From the number of poles, a stepper motor should be a useful demonstration generator for an odd LED or three, when run by a slow running steam or hit and miss IC engine. PM Hand tool (drill) motors usually run at 10s. of thousands rpm to develop their power: I.E. Relatively small voltages from the DC battery but relatively high current: a 240W motor at 24V is drawing 10A on load. If run as a generator at less than 1000rpm you may only get 1 or 2 volts, - and similarly only tens of milliamps as a result. - The net power output being only a couple of watts. Gearing to get the generator speed you want can sap all the engine's power.

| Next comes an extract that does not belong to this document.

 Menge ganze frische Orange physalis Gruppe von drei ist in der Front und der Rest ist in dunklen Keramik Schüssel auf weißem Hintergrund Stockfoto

Conversely, a stepper motor, with 10 or more times the poles of a "power" motor, will generate the voltages at low revs but with very small current (amps) - as demonstrated by Ray - thus generating a few watts but at (possibly?) more useable voltages? I suspect these devices vary so much for different applications, makes, and sizes there is no simple rule to getting a stepper motor to match your application except by trial and tribulation!
I would be keen to use a diode bridge to convert the stepper motor output to DC to eliminate the high frequency from ruining any downstream (semi-conductor) devices, other than resistance wire bulbs.
Personally, I look to bicycle generators for my small steam engines, as they are designed to generate the single figure voltages and currents for torch bulbs at speeds suitable for the low speeds and low power of my engines, with small enough belt drives to look OK. They can be hidden inside "generator shaped" housings as well!
For some I use bridge diodes to rectify the variable frequency AC, then a Buck controller to get the controlled DC output for the LEDs that I have. This configuration may suit Ray - with parts such as these but that you select to match your input voltage and output voltages?
W04M 400V Bridge Rectifier Diode 1.5A
6-24V Input to 5V 2A Output USB Charger Module DC-DC Buck Step-Down Converter
Thanks to all contributors here as I have learned a lot about stepper motors, from a zero baseline of knowledge!